Real People Have Real Problems. We Aren‘t Just Numbers

Lou Hall, Sr.
Warrensburg, NY
United States

I was able to eat a hot dog tonight, and while that alone might not otherwise be newsworthy, it was important to me, as I’ve been on a feeding tube since last October. In June of last year I was diagnosed with stage 4 ethmoid sinus cancer, which had spread to three lymph nodes in my head and neck. In the beginning I was scheduled for craniofacial surgery, to be followed by 37 radiation treatments and three super doses of cisplatin chemo. After one last CT scan a few days before the surgery, they found a fourth location in the back of my head that was so close to my throat, they decided the risk wasn’t worth the possible irrevocable harm that might occur, so it was decided that radiation and chemo alone would be the new game plan. Unfortunately this included having to have all my teeth removed before treatments began. I wasn’t happy about that, but I wanted to live too, so I had them taken out, and I haven’t been able to eat much in the traditional way since. So the hotdog tonight was a big deal.

It was a long, difficult winter to say the least. Most of the time I felt like I was in a coma, but by God’s grace and a huge amount of support from family and friends, I made it through, and have been deemed cancer free from my last PET scan of about two months ago. It was a huge relief as I felt like I had been through enough, and I definitely wasn’t looking forward to surgery if the cancer hadn’t been cured.

So why have I decided to share this publicly now? I felt it was important to share the rest of the story too.

The great recession of 2008 just about killed my business.
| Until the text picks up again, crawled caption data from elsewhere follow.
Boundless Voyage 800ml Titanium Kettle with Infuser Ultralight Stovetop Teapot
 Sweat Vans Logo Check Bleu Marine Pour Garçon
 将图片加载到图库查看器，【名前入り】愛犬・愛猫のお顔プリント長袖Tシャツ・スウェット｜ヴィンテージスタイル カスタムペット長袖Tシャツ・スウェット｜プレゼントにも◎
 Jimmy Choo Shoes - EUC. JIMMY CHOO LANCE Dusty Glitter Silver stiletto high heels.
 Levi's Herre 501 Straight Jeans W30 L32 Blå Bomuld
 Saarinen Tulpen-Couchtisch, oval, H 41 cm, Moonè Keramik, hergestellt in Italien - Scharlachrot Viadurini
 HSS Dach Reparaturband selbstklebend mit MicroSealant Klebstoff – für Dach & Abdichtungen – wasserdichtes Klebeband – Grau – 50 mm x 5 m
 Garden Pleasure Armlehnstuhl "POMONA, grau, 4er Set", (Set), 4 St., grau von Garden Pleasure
After eight years of bankruptcy courts and fighting foreclosure, I finally lost my home. God only knows how I made it through. Nevertheless, it left me without health insurance or any ability to pay for it. A few months after the Affordable Care Act became law I made a phone call to see how much it would cost to buy insurance rather than be faced with a fine. To my surprise I was eligible for Medicaid, and eventually last December, Medicare. I really had caught God loving me through all the financial difficulties, as when the cancer struck it would have left me in so much debt I would never have been able to repay it in this lifetime. I don’t know the exact amount of money this last year cost in total, but my best guess with several emergency room visits, oral surgery, and actual hospital stays, it must be somewhere in the six-figure range.

I’ve worked my entire life since I was in high school. I made some bad decisions along the way, but I wasn’t expecting to find myself in the financial straights I ended up in. Frankly, I expected to work till I couldn’t stand up anymore, but it just didn’t unfold that way. So my point in all this is to say that real people have real problems. We aren’t just numbers. The pending health care legislation will hurt real people, people you know, people you love. Please take a stand.